Action item:
Return the lines of the material below exactly, beginning with the line that has "Aerial view the" in it and finishing with the line that has "1852 Oak Grove" in it. Leave all pictures aside.

[Start of section]

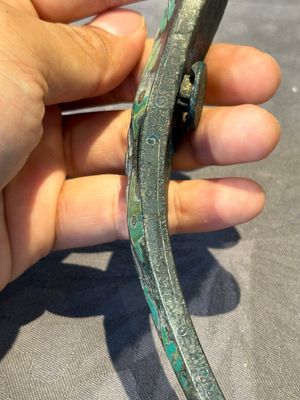 A varied collection of six Chinese bronze belt hooks, Warring States period and Western Han — photo 14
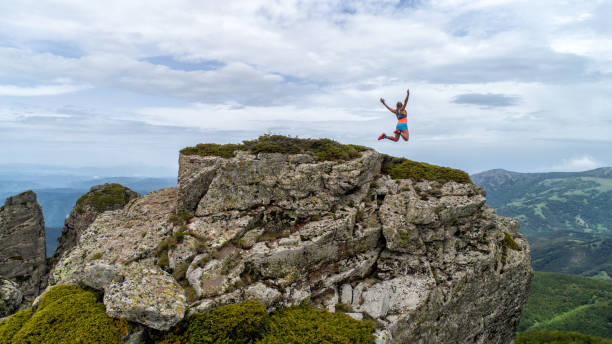 istock Young woman running on mountain 1248791973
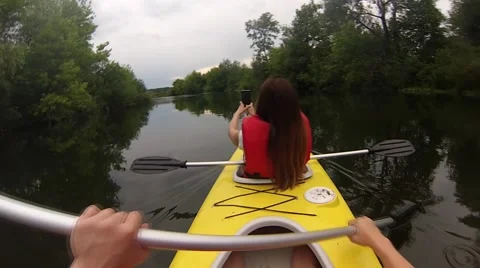 Photography in the canoe while sailing on the river in the beautiful green water Stock Footage 64233321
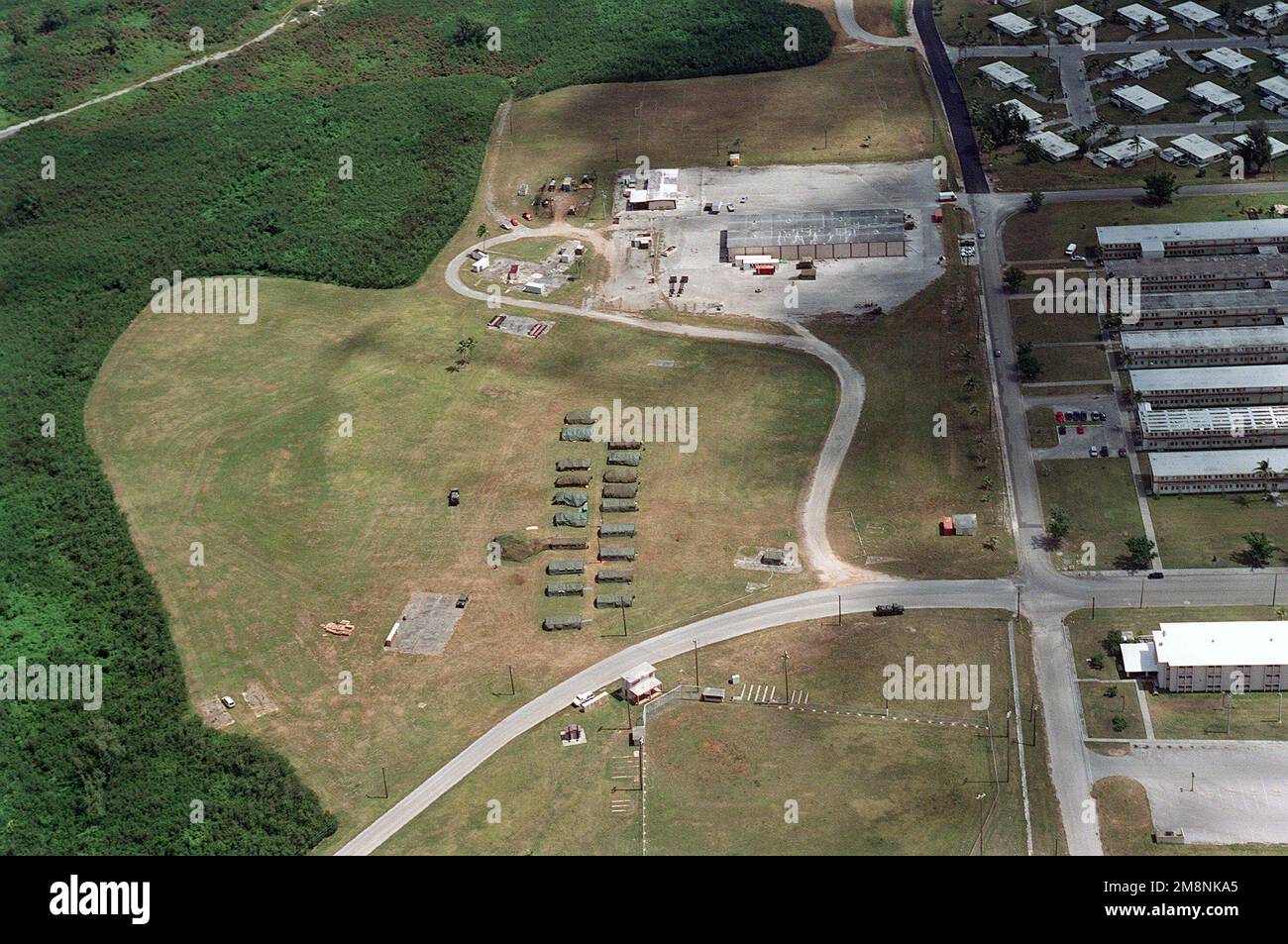 Aerial view the Tent City living facilities for deployed US Military personnel at Agana Naval Air Station, Guam during Exercise TANDEM TRHUST 99. Subject Operation/Series: TANDEM THRUST 99 Base: Naval Air Station, Agana State: Guam (GU) Country: Northern Mariana Islands (MNP) Stock Photo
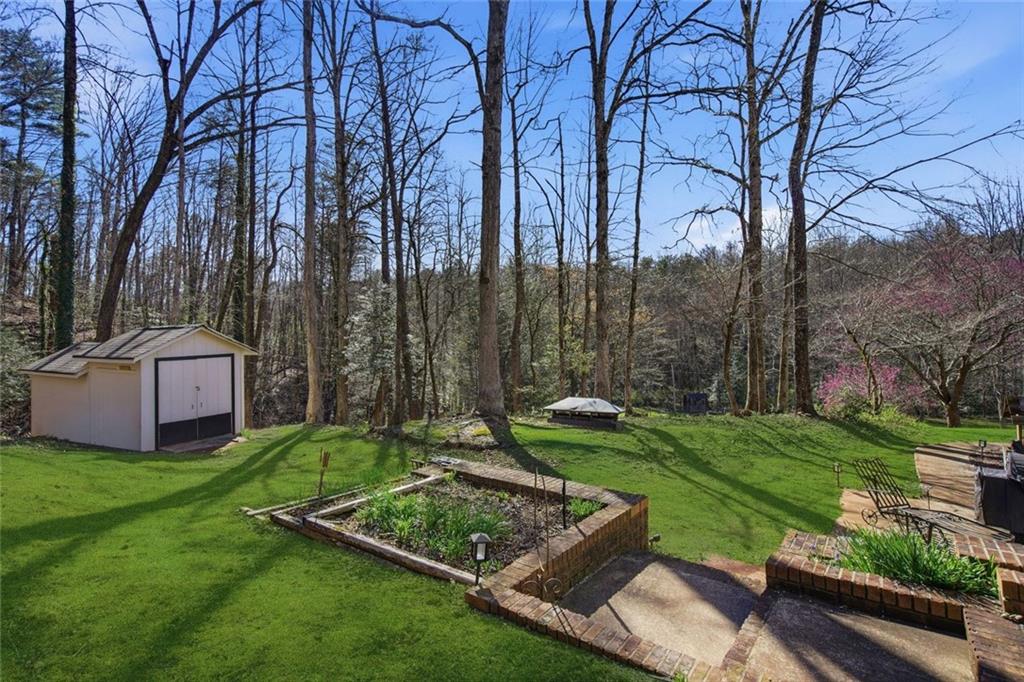 1852 Oak Grove Road Dahlonega, GA 30533 - Photo 19 of 68 a view of a backyard with sitting area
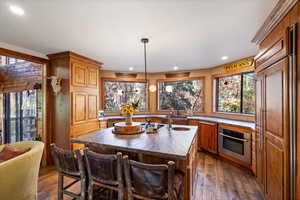 Kitchen features a Sub Zero refrigerator, down draft stove, and Bosch oven.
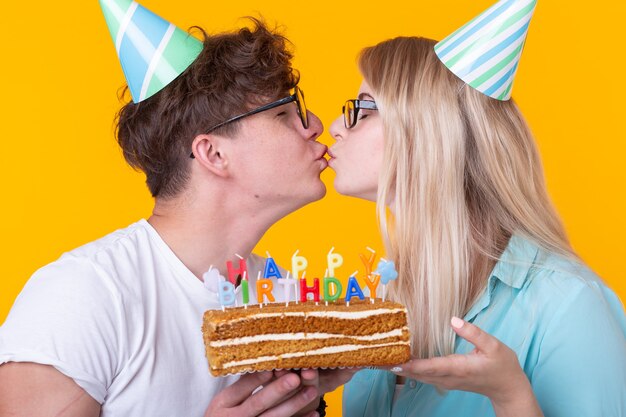 Fröhliches Paar charmanter Kerl und süßes Mädchen in Papierhüten machen ein dummes Gesicht und halten in ihren Händen Kuchen mit der Aufschrift Geburtstag auf gelbem Hintergrund. Konzeptgrüße und Streich.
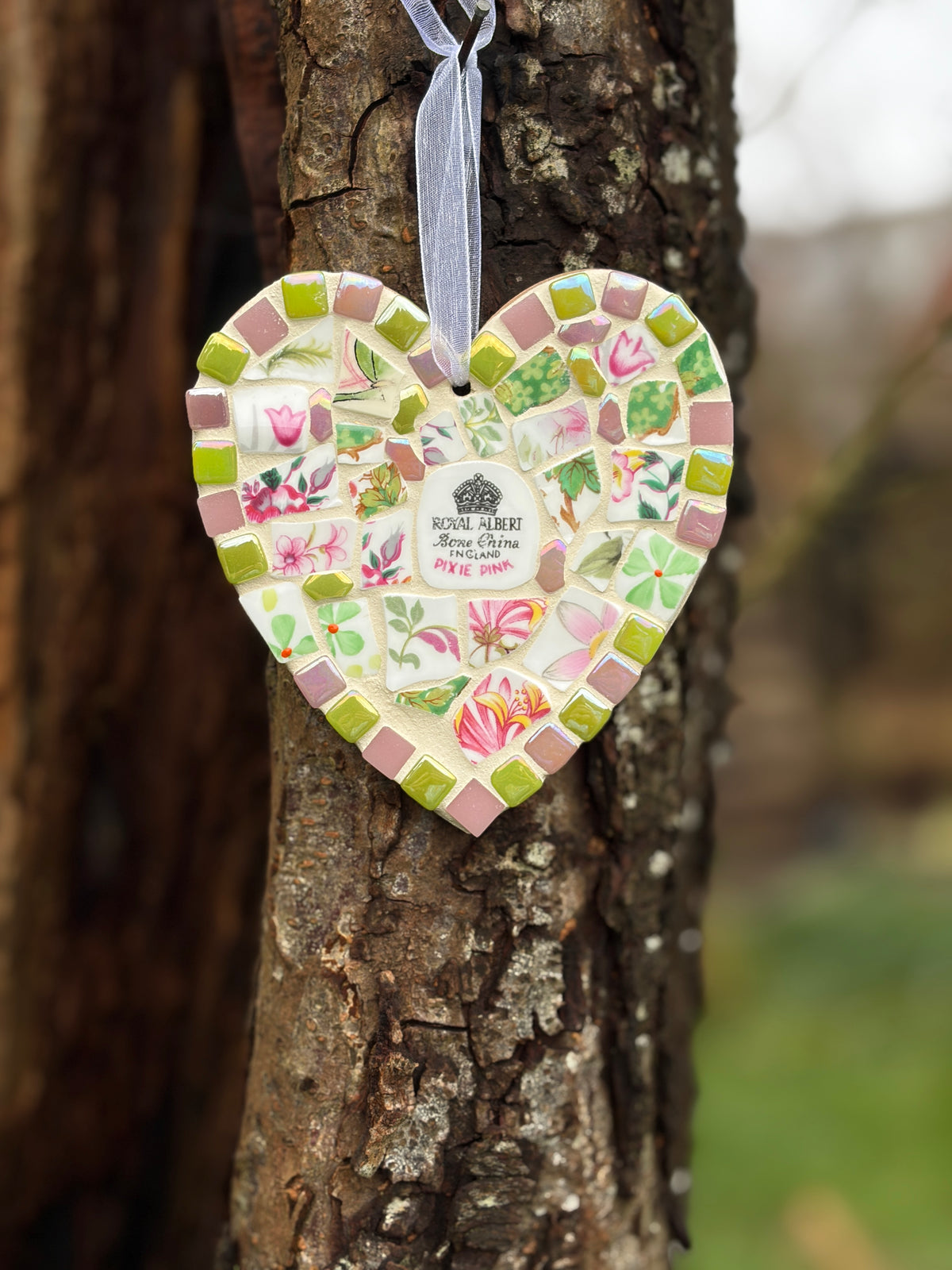 Handcrafted mosaic heart using Royal Albert Pixie Pink bone china with lime green and dusky pink tile border and organza ribbon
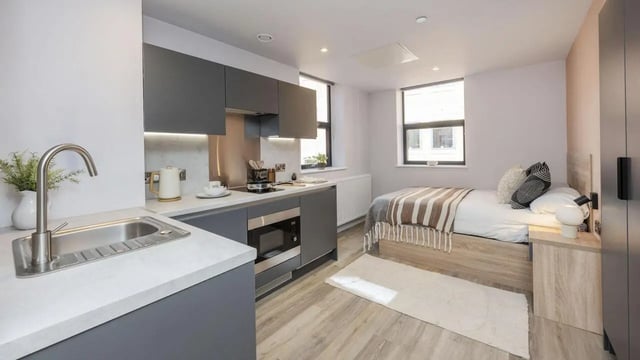 Bed kitchen area with microwave and sink. at Headrow Court in Leeds Student Accommodation
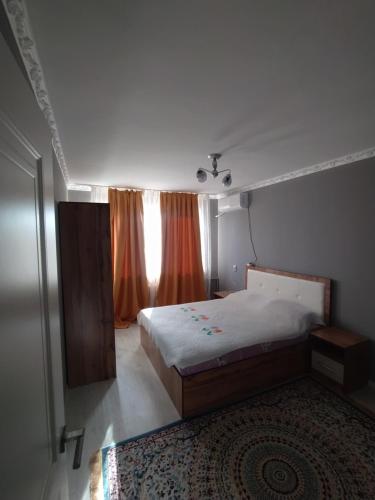 Habitación pequeña con cama y ventana en 2-х комнатная квартира en Kyzylorda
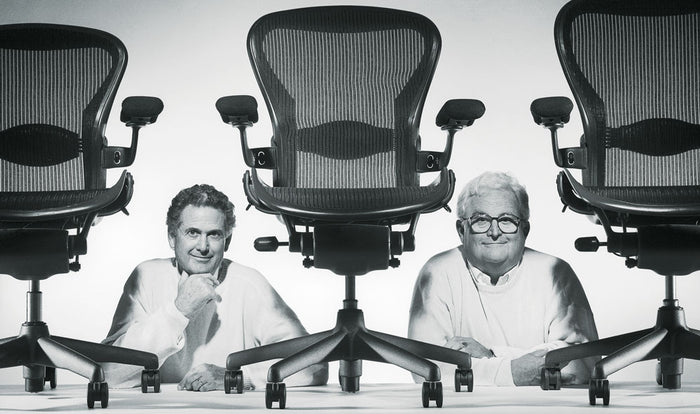 Picture of Don Chadwick and Bill Stumpf through a line up of Aeron office chairs which they designed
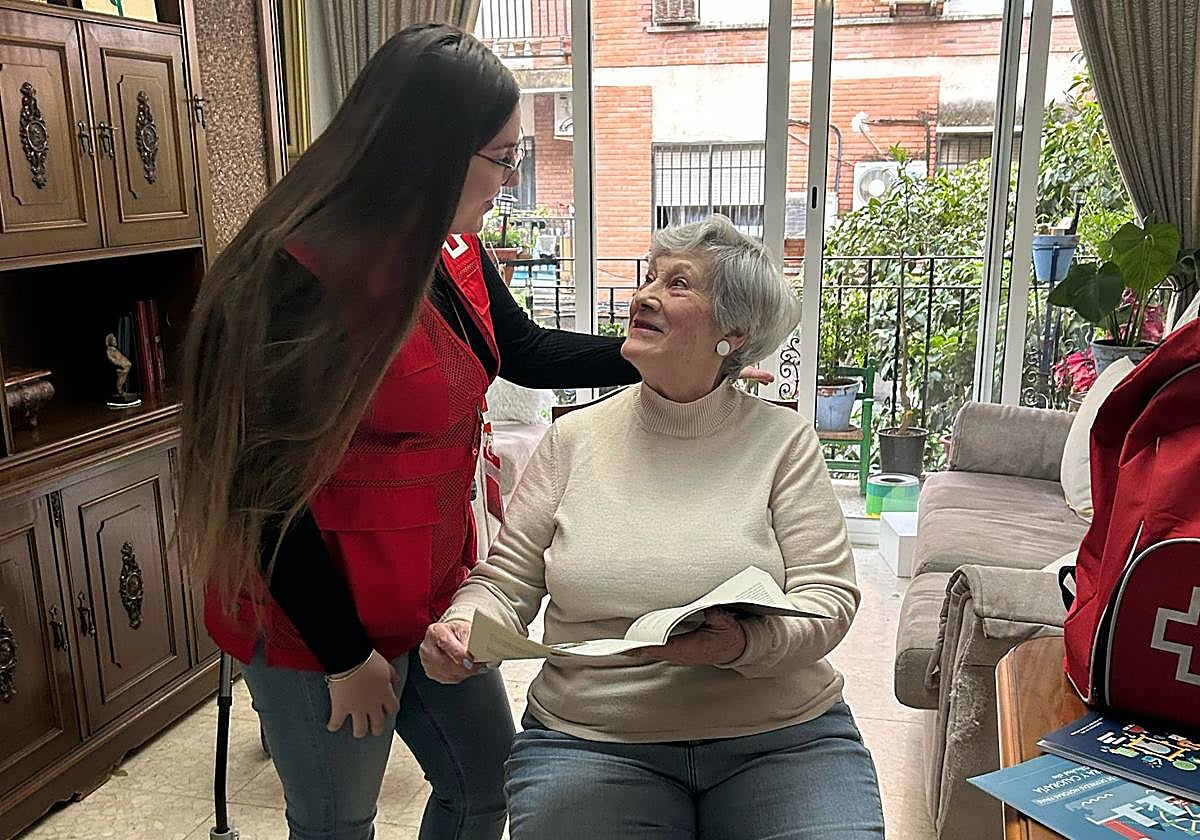 Una voluntaria de Cruz Roja en casa de una señora en su vivienda de Córdoba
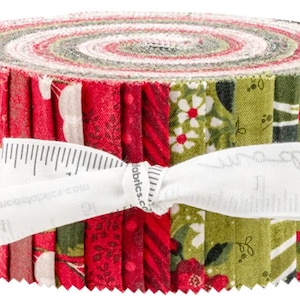 May include: A rolled bundle of fabric strips in red, green, and white. The fabric features floral and patterned designs. A white ribbon with measurements wraps around the bundle, securing the fabric. The fabric is likely for quilting or other crafts.
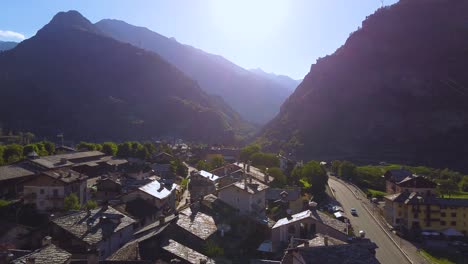 Italian-alps-village-on-a-sunny-day,-aerial-drone-view-with-left-motion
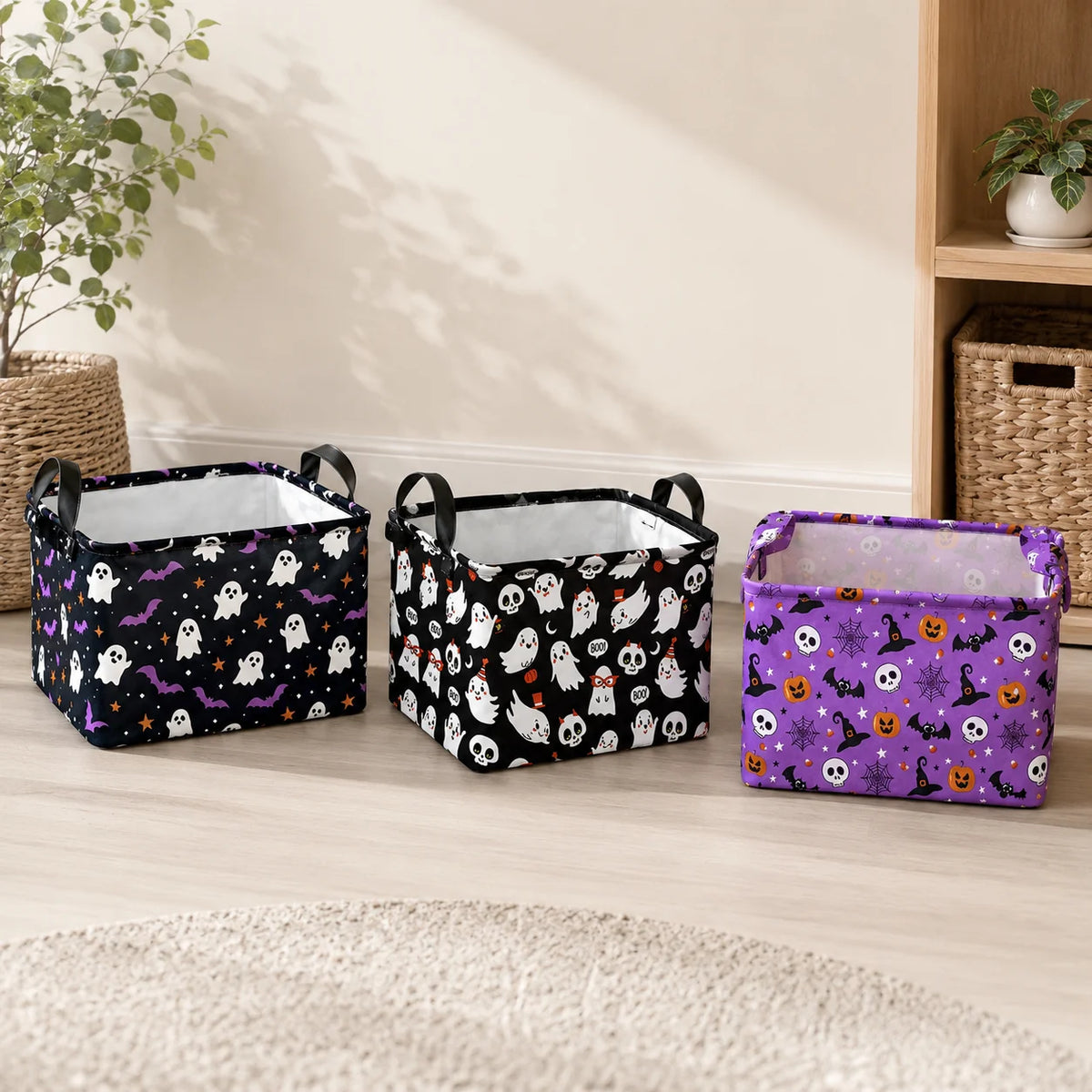 Three foldable Halloween storage baskets in black, white, and purple with spooky designs on a wooden floor.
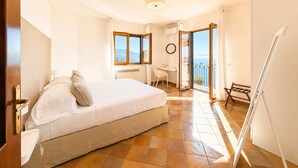A bedroom with a bed, a desk, a chair, and a balcony with a view. - AMORE RENTALS - Villa Raffaella with Private Pool and Sea View (Sant´Agata sui Due Golfi)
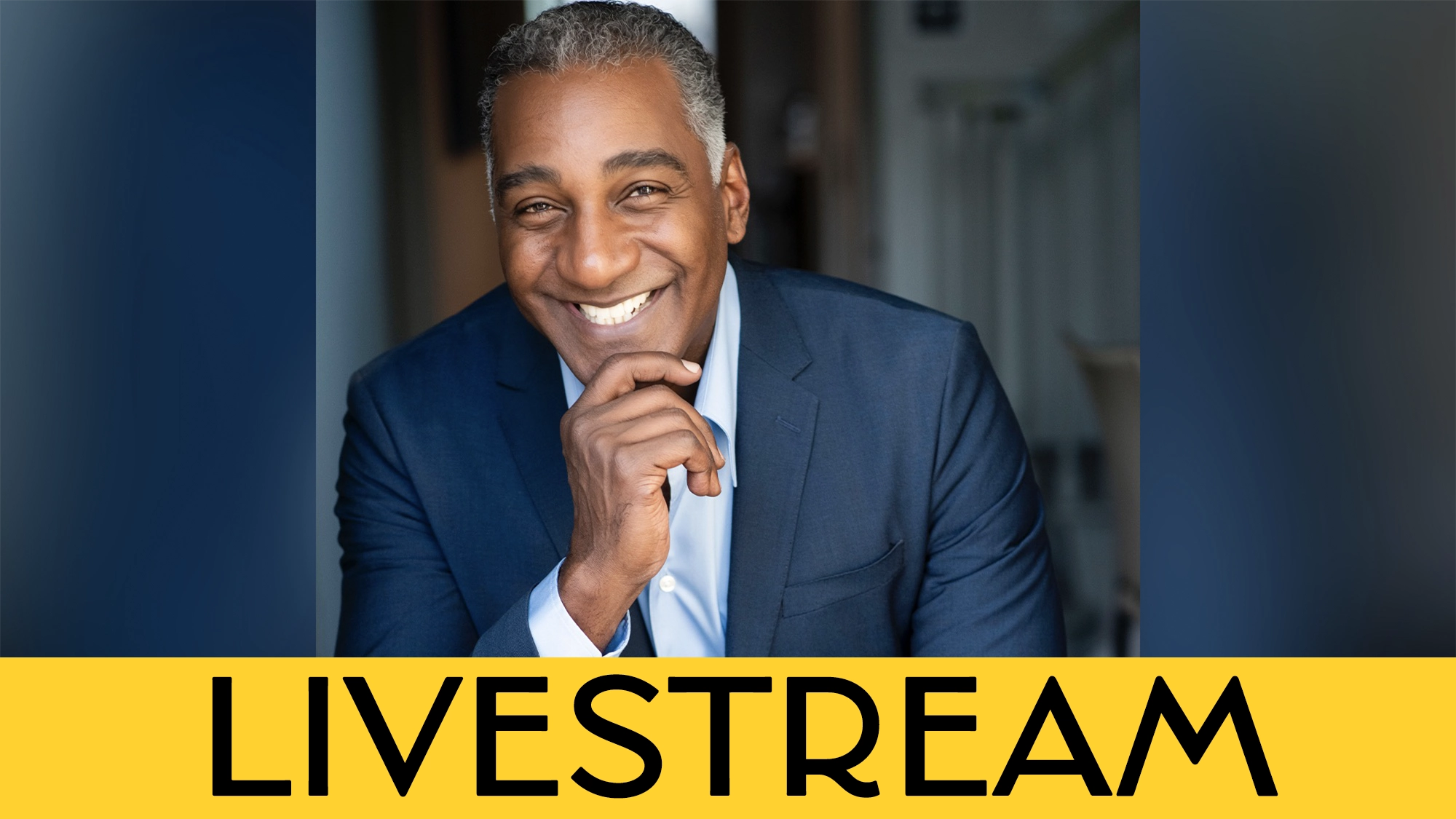 A smiling man in a blue suit poses with his hand on his chin. He has short gray hair and is in a brightly lit hallway, bringing Broadway charm to the scene. The word “LIVESTREAM” appears boldly on a yellow banner across the bottom.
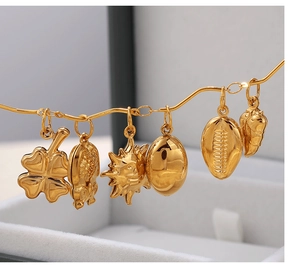 Gros plan de pendentifs plaqués or 18 carats avec motifs de soleil et de trèfle à quatre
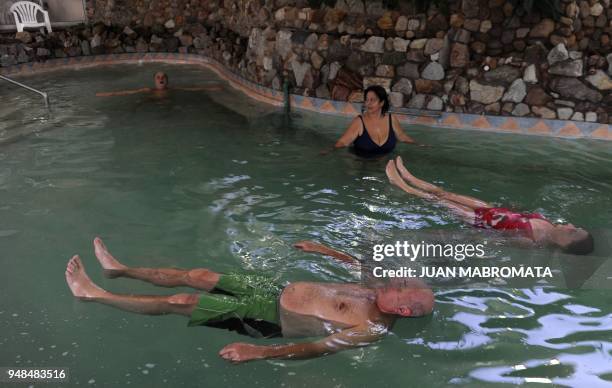 By Oscar Laski People float in pool filled with salt water from Epecuen lagoon at the spa in a hotel of Carhue, on May 4 near Lago Epecuen village,...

[End of section]

Solution for this problem:
 Aerial view the Tent City living facilities for deployed US Military personnel at Agana Naval Air Station, Guam during Exercise TANDEM TRHUST 99. Subject Operation/Series: TANDEM THRUST 99 Base: Naval Air Station, Agana State: Guam (GU) Country: Northern Mariana Islands (MNP) Stock Photo
 1852 Oak Grove Road Dahlonega, GA 30533 - Photo 19 of 68 a view of a backyard with sitting area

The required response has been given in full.